Como recalca Antoine Vitkine en su Mein Kampf. Historia de un libro (Anagrama, 2011), los motivos para leer y llamar la atención sobre la obra varían. Desde la oda acrítica, rayana en la apología criminal, hasta el estudio político o la simple curiosidad. La interpretación también varía: si el primer ministro británico Neville Chamberlain insistió en su negacionismo apaciguador, dos de los líderes que derrotaron a Hitler se percataron pronto del peligro del nuevo canciller alemán al considerar que “Mein Kamp” no era el desahogo de un preso joven carcomido por su nacionalismo derrotado, sino el programa que aplicaría cuando hubiera rearmado al Ejército. “Con Hitler ya en el poder, pocos libros merecían ser estudiados con mayor atención por los gobernantes, los políticos y los militares de las potencias aliadas. Allí está todo”, declaró Winston Churchill. Con palabras similares alertó de Gaulle a las incipientes células de resistencia. Caso opuesto fue el de Eugenio Pacelli, entonces arzobispo de Munich, quien recomendó a su antecesor en el papado, Pio XI, que no incluyera “Mein Kamp” en el Índex de libros prohibidos “para no oponerse frontalmente al Führer y evitar de esa manera atizar la política anticatólica del Reich”.

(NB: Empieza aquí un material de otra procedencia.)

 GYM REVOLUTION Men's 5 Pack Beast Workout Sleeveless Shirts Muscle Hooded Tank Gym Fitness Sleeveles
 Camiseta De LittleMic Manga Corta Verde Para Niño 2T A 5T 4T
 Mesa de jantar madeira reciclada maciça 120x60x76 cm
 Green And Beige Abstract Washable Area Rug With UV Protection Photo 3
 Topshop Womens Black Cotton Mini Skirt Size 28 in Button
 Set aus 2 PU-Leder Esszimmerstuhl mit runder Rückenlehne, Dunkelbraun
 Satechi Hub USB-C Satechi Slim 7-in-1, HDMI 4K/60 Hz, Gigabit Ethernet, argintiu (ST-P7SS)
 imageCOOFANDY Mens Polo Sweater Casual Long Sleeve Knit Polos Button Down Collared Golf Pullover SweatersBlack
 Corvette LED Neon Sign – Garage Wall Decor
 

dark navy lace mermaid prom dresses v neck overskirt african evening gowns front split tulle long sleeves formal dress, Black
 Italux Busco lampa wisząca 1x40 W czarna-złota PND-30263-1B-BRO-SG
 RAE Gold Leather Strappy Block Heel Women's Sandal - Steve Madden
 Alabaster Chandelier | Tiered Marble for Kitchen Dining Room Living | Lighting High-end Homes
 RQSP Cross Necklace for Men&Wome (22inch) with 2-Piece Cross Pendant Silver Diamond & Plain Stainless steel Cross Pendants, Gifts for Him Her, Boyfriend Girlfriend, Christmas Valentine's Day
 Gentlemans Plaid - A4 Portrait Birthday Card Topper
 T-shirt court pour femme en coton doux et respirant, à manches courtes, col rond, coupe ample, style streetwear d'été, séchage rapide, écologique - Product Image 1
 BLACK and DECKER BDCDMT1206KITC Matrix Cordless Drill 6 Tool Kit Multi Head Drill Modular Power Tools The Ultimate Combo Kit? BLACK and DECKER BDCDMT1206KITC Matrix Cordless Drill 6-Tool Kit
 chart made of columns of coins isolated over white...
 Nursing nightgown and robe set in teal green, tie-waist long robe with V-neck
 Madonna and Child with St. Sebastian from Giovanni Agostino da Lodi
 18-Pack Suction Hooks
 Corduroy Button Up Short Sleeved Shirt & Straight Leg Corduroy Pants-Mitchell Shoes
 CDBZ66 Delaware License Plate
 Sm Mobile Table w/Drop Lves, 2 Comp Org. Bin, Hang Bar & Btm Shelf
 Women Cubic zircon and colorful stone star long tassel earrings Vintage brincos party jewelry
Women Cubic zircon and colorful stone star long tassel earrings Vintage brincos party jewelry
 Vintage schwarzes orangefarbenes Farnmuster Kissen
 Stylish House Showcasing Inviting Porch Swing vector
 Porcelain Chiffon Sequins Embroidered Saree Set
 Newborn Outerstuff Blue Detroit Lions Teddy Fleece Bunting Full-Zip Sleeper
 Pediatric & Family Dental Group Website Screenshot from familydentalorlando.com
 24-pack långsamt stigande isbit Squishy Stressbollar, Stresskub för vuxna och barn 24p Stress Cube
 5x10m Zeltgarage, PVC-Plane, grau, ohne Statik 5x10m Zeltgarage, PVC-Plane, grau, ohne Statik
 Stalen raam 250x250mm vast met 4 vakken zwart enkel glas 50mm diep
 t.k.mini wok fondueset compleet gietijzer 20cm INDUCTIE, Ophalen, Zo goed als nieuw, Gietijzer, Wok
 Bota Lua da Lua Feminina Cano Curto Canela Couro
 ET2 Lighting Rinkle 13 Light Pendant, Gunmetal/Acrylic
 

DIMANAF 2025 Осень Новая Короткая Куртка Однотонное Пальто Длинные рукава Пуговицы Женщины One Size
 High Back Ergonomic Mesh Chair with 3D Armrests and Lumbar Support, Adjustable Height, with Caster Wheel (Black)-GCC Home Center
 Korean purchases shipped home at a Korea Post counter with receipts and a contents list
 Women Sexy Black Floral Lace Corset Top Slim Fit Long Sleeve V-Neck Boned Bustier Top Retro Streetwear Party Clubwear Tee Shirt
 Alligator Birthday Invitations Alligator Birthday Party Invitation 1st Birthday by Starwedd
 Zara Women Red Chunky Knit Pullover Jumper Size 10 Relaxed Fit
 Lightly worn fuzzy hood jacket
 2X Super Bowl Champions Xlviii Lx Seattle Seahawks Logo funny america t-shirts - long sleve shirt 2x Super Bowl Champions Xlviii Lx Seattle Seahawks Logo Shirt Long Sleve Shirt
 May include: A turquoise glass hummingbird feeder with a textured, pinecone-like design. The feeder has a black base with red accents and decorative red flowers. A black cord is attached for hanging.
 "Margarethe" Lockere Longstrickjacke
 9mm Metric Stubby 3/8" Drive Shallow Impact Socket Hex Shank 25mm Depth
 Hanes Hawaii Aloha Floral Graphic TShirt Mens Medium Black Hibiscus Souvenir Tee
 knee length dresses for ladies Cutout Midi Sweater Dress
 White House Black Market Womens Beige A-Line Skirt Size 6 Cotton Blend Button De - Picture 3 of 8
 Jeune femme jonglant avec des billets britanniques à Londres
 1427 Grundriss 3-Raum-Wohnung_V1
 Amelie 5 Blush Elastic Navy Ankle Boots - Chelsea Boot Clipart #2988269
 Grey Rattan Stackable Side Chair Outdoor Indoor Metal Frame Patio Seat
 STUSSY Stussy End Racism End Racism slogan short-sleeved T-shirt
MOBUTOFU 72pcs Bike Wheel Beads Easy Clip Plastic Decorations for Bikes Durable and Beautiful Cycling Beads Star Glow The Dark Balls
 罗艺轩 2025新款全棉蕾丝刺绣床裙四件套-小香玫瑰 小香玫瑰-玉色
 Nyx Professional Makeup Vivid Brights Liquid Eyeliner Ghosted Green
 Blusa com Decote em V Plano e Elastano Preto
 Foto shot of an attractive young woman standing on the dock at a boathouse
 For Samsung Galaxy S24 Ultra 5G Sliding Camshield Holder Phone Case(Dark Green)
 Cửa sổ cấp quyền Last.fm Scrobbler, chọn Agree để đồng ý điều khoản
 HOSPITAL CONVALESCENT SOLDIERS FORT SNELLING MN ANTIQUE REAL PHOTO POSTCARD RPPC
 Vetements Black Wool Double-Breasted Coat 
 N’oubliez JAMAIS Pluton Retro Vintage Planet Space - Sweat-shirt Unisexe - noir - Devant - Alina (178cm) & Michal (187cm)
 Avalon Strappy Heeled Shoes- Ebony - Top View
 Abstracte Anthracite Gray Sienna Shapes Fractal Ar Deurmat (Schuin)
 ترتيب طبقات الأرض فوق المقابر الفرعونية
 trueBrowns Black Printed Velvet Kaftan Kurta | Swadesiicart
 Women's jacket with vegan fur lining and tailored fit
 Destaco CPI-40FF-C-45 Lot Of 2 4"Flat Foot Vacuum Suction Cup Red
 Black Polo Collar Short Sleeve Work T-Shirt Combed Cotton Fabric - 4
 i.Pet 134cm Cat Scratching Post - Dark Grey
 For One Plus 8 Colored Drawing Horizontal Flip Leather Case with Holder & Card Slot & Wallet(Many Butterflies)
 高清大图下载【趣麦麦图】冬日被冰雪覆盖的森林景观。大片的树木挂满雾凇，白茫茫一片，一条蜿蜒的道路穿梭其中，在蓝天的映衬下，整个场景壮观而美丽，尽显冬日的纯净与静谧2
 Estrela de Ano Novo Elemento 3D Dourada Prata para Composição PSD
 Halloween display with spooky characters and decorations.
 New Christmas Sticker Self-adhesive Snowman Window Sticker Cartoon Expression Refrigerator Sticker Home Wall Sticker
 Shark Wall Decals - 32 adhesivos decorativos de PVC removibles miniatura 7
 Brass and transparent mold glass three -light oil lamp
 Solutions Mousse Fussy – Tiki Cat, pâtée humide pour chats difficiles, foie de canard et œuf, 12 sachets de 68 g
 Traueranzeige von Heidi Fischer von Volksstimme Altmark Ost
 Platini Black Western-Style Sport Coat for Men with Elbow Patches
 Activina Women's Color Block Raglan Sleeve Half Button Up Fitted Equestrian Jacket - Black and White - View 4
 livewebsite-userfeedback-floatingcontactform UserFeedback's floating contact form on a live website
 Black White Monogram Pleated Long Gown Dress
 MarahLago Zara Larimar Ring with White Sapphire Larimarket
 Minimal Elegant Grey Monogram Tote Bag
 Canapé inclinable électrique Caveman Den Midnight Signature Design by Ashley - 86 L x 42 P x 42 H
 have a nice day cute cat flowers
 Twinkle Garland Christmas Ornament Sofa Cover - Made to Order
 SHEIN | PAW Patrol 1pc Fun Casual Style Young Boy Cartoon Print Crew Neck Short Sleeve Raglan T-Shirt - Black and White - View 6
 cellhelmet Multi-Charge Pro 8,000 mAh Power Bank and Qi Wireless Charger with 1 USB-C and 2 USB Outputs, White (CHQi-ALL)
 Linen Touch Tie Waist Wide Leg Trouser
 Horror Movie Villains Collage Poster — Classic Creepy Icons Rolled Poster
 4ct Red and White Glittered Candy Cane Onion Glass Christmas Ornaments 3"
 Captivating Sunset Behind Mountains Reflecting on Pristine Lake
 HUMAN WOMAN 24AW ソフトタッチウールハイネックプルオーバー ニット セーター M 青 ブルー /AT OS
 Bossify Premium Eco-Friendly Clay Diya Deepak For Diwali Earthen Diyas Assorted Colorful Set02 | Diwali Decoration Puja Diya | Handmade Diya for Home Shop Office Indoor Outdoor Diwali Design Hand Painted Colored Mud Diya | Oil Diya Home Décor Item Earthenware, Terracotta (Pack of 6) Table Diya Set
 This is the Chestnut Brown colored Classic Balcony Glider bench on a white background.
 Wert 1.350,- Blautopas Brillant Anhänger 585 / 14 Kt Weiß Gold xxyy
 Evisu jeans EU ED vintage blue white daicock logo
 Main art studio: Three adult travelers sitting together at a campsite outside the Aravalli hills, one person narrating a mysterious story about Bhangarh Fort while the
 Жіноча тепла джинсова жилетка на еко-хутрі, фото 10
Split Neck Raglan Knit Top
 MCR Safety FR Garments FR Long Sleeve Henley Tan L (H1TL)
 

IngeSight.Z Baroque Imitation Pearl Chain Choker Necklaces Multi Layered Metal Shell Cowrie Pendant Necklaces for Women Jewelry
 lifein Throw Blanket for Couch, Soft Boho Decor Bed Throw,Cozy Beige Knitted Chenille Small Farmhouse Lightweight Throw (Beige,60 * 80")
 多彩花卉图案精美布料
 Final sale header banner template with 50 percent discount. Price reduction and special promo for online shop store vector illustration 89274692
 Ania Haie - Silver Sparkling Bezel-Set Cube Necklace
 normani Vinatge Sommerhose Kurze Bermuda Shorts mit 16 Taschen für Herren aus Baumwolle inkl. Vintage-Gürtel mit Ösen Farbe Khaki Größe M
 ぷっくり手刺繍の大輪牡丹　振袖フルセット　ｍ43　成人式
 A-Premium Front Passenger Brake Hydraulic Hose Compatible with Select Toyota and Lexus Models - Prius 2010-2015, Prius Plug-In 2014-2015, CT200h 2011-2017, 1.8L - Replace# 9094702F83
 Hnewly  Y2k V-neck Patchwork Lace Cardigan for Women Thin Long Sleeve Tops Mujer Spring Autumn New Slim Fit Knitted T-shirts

La duda irresuelta, incluso hoy en día, es hasta qué punto la ideología criminal de “Mein Kampf” caló en los alemanes –o bien fue sólo un objeto más en sus casas, una obligación social irrelevante. Como relata Vitkine aportando los datos de numerosas encuestas, los alemanes de hoy se inclinan por la segunda opción, un eximición de culpa que confirma que el mejor amigo del hombre, más que el perro, es el chivo expiatorio. Todos tuvimos el libro, pero nadie lo leyó. Por las dudas, sin embargo, el Alto Mando Aliado decidió en su momento que en algunas unidades que liberaron pequeñas ciudades bávaras no hubiera un sólo negro.

Las razones del tabú son, pues, divergentes. “No se trata de respeto a las víctimas, sino de miedo a los alemanes”, afirma el historiador y escritor judío alemán Rafael Seligmann. Las autoridades alemanas se defienden y afirman que el deber de la memoria de las víctimas es algo que Alemania asumió como política de Estado tras la II Guerra Mundial, y que dicho respeto debe incluir la prohibición –o, al menos, la oposición– a la difusión del libro.

El argumento, no obstante, se ha quedado obsoleto. No es concebible ya un paternalismo tan burdo, un cordón sanitario tan ineficaz. No sólo porque en 2015 expira el control que Baviera ejerce sobre la obra, sino porque ésta ha seguido difundiéndose con el atractivo de la prohibición y el tabú. En Turquía ha sido, de hecho, uno de los libros más vendidos en los últimos años. Y su atractivo ha aumentado en países como Egipto o Francia.

Al final del libro, Vitkine resume siete lecciones que deben extraerse de la historia de “Mein Kampf” y que versan más sobre la necesidad de tomarse en serio a los movimientos de extrema derecha actuales que sobre los errores que Occidente cometió al juzgar a Hitler. En una de ellas, Vitkine recomienda (su libro se editó en Francia en 2009) que la obra se publique en una edición crítica comentada por expertos que la contextualicen.

Markus Soder, ministro de Finanzas del Estado bávaro, aceptó primero y rehusó en último minuto una entrevista con Vitkine sobre “Mein Kampf”, y envió en su nombre a un portavoz que resumió sus argumentos en una incómoda entrevista. Y sin embargo ha sido él quien, a finales de abril de este año, anunció que Alemania publicaría en 2015, al finalizar su potestad sobre los derechos de edición, una edición crítica del libro de Hitler.

Quizá teman los alemanes que, de haber un acceso generalizado del gran público, lo que quede en evidencia es que el país de Goethe y Schiller se rindió ante un libro y un personaje mediocre, pésimo escritor, bárbaro de vocación, nacionalista elemental. El juicio sobre el nazismo, además, está bien consolidado, y es complicado que mil notas al pie y varios prólogos de expertos convenzan al público de que los alemanes no tienen una responsabilidad colectiva en el peor drama del siglo XX.